▶ WORK REQUEST
All the data should be repeated exactly. Any image in it is left out.

[Collected data]
######
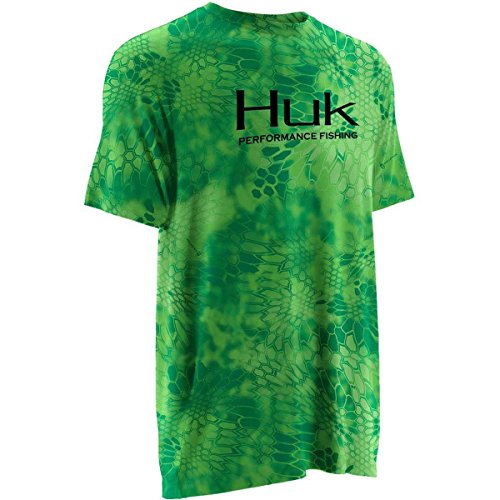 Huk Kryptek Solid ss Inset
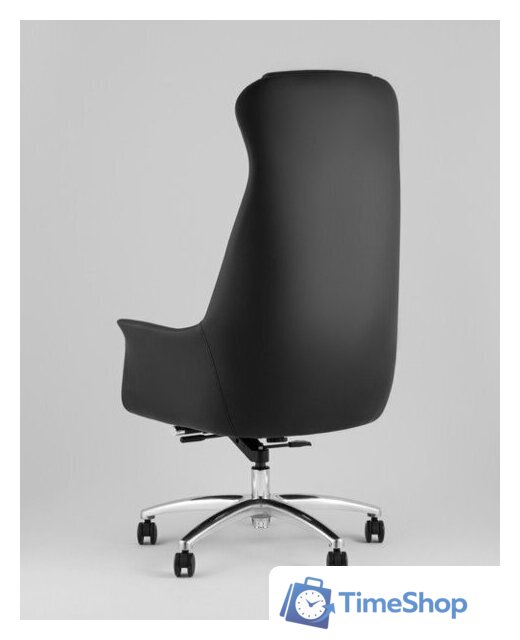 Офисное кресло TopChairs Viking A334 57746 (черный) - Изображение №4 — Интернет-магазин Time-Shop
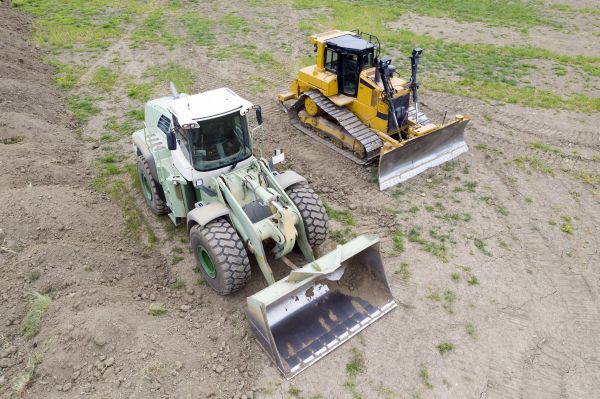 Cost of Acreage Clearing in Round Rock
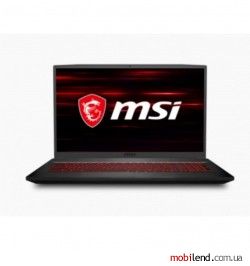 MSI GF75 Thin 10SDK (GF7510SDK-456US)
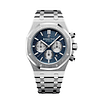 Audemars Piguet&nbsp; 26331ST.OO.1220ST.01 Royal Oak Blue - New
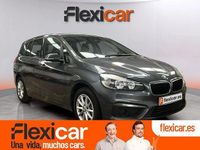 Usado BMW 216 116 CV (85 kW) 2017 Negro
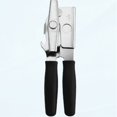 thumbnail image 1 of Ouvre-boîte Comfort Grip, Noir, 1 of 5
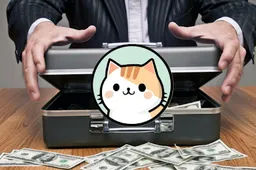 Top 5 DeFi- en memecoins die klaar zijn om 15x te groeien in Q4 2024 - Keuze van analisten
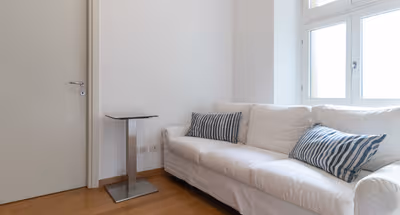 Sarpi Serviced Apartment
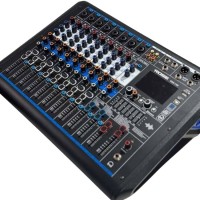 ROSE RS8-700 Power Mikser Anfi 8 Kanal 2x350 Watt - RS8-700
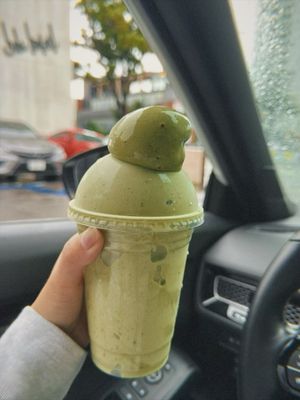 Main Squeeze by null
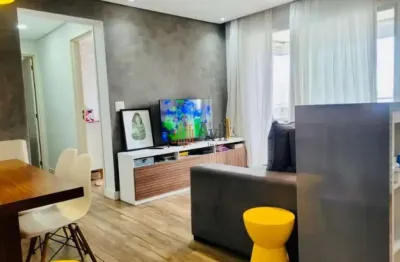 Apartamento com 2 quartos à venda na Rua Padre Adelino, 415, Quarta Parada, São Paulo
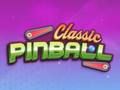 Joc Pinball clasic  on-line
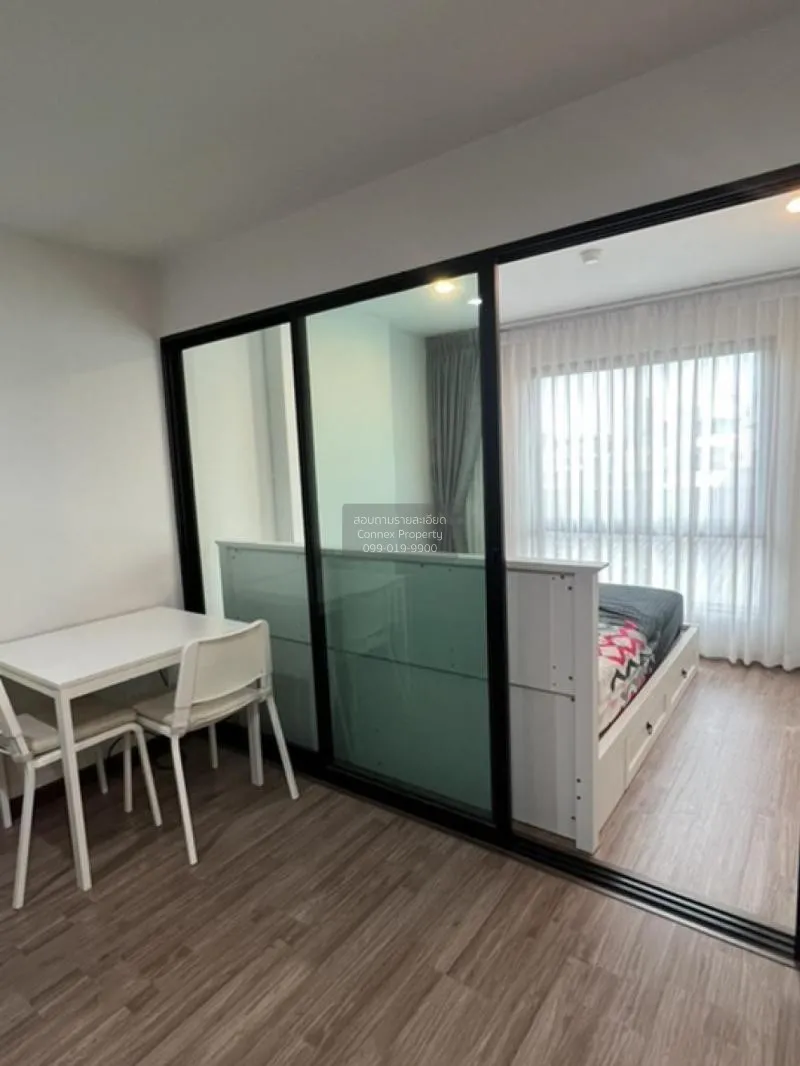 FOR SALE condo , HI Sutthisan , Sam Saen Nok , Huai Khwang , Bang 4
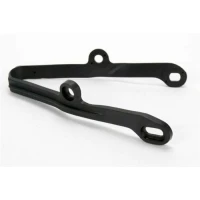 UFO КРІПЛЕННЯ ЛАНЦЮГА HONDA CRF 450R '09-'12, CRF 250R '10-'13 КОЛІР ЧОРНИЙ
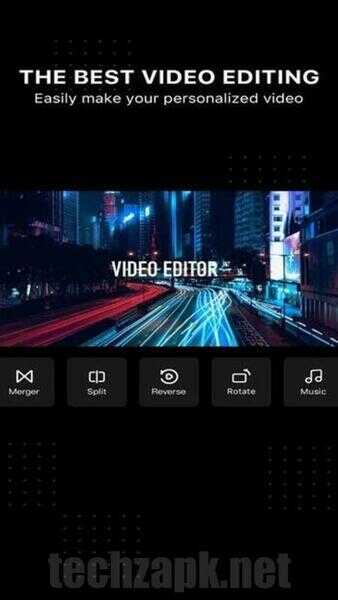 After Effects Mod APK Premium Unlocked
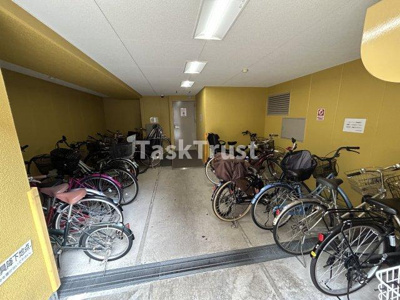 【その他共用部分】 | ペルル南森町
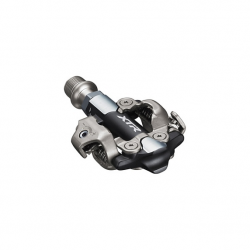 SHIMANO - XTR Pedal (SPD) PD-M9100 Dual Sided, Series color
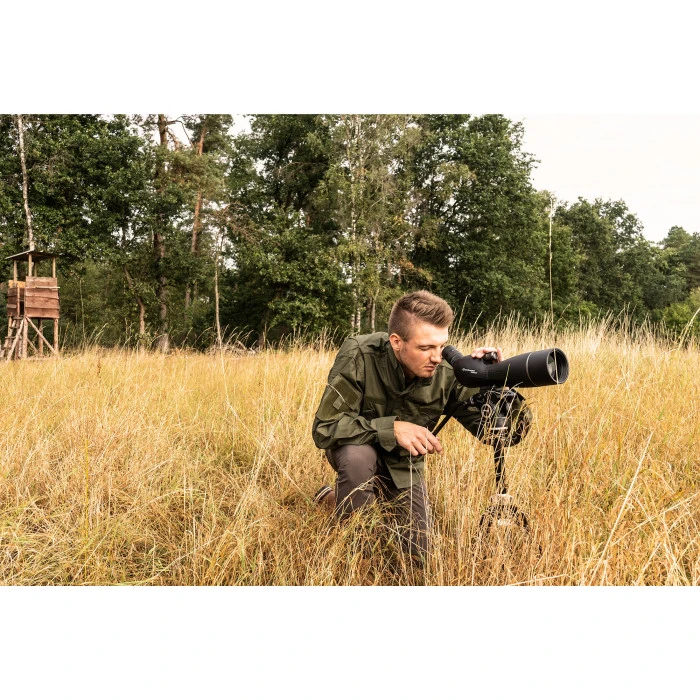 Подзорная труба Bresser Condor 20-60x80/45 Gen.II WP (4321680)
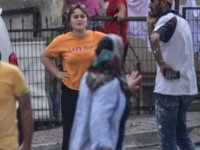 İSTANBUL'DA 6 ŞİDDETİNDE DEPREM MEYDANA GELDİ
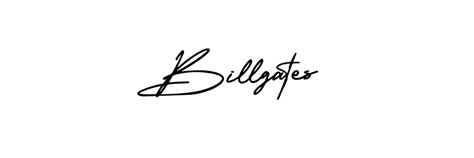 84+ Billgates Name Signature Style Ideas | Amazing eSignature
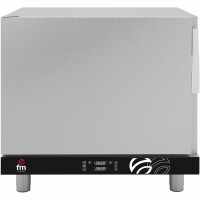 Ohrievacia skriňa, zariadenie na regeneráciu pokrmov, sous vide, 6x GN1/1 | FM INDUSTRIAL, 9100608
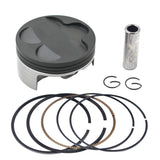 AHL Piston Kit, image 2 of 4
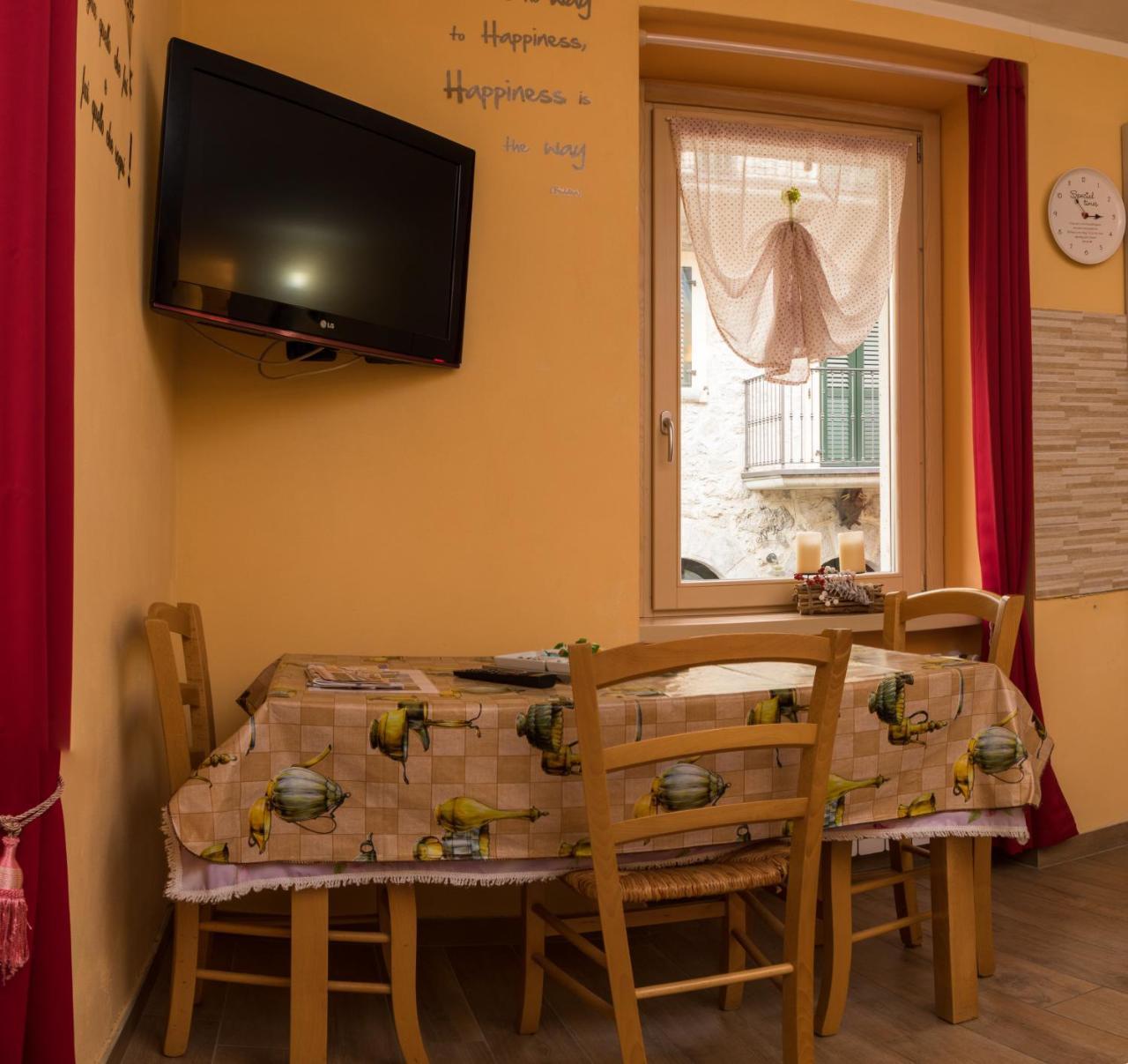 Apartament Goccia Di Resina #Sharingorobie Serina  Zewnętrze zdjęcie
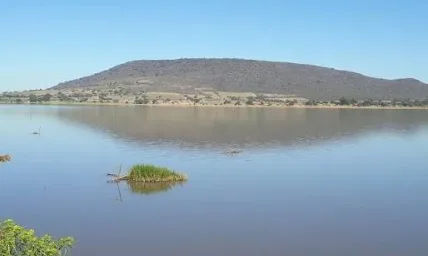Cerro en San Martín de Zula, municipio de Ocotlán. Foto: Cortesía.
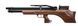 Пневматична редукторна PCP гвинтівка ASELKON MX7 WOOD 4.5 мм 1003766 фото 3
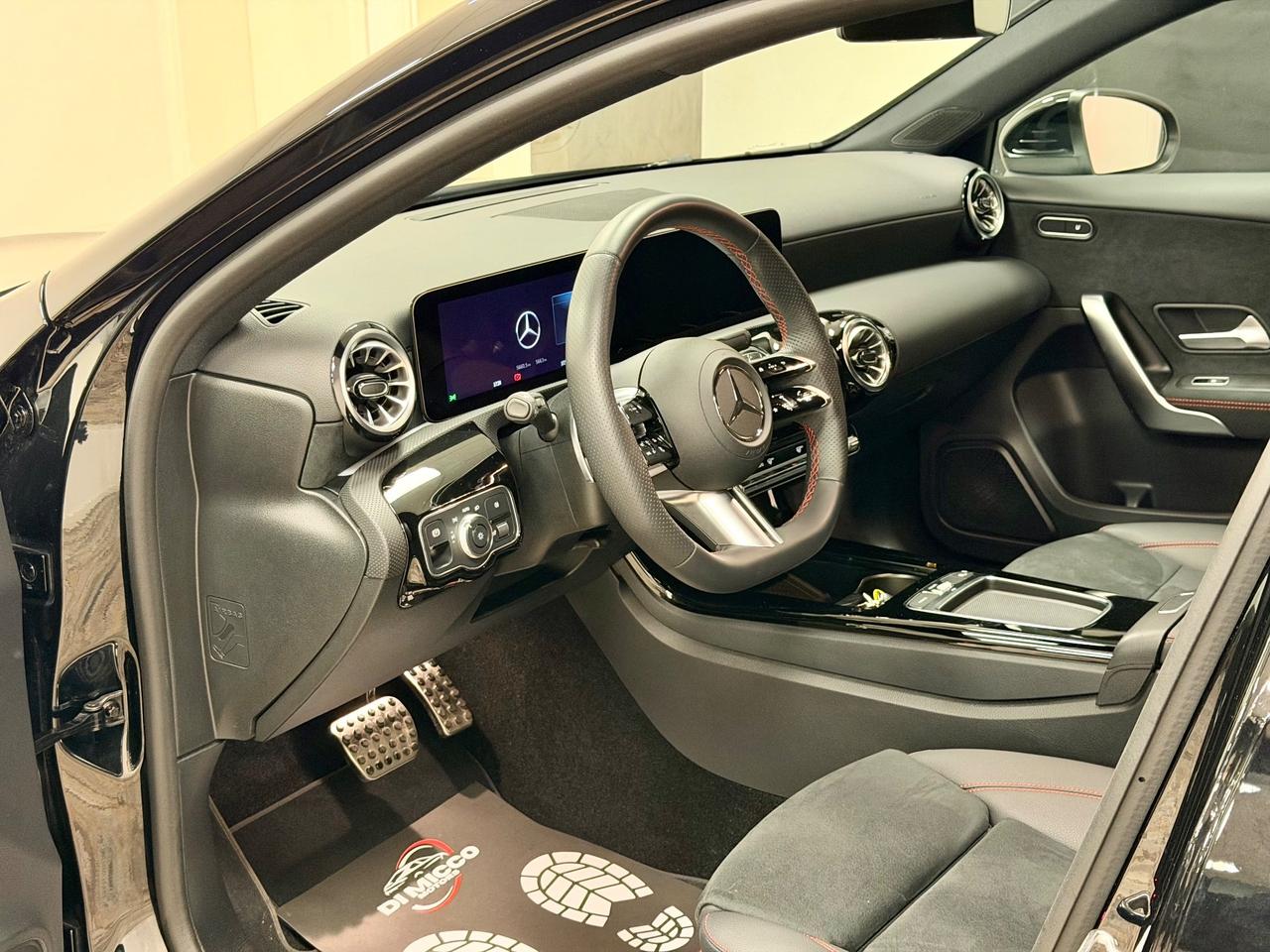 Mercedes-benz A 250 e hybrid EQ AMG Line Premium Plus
######
▶ EXPECTED ANSWER
 Huk Kryptek Solid ss Inset
 Офисное кресло TopChairs Viking A334 57746 (черный) - Изображение №4 — Интернет-магазин Time-Shop
 Cost of Acreage Clearing in Round Rock
 MSI GF75 Thin 10SDK (GF7510SDK-456US)
 Audemars Piguet&nbsp; 26331ST.OO.1220ST.01 Royal Oak Blue - New
 Usado BMW 216 116 CV (85 kW) 2017 Negro
 thumbnail image 1 of Ouvre-boîte Comfort Grip, Noir, 1 of 5
 Top 5 DeFi- en memecoins die klaar zijn om 15x te groeien in Q4 2024 - Keuze van analisten
 Sarpi Serviced Apartment
 ROSE RS8-700 Power Mikser Anfi 8 Kanal 2x350 Watt - RS8-700
 Main Squeeze by null
 Apartamento com 2 quartos à venda na Rua Padre Adelino, 415, Quarta Parada, São Paulo
 Joc Pinball clasic  on-line
 FOR SALE condo , HI Sutthisan , Sam Saen Nok , Huai Khwang , Bang 4
 UFO КРІПЛЕННЯ ЛАНЦЮГА HONDA CRF 450R '09-'12, CRF 250R '10-'13 КОЛІР ЧОРНИЙ
 After Effects Mod APK Premium Unlocked
 【その他共用部分】 | ペルル南森町
 SHIMANO - XTR Pedal (SPD) PD-M9100 Dual Sided, Series color
 Подзорная труба Bresser Condor 20-60x80/45 Gen.II WP (4321680)
 İSTANBUL'DA 6 ŞİDDETİNDE DEPREM MEYDANA GELDİ
 84+ Billgates Name Signature Style Ideas | Amazing eSignature
 Ohrievacia skriňa, zariadenie na regeneráciu pokrmov, sous vide, 6x GN1/1 | FM INDUSTRIAL, 9100608
 AHL Piston Kit, image 2 of 4
 Apartament Goccia Di Resina #Sharingorobie Serina  Zewnętrze zdjęcie
Cerro en San Martín de Zula, municipio de Ocotlán. Foto: Cortesía.
 Пневматична редукторна PCP гвинтівка ASELKON MX7 WOOD 4.5 мм 1003766 фото 3
 Mercedes-benz A 250 e hybrid EQ AMG Line Premium Plus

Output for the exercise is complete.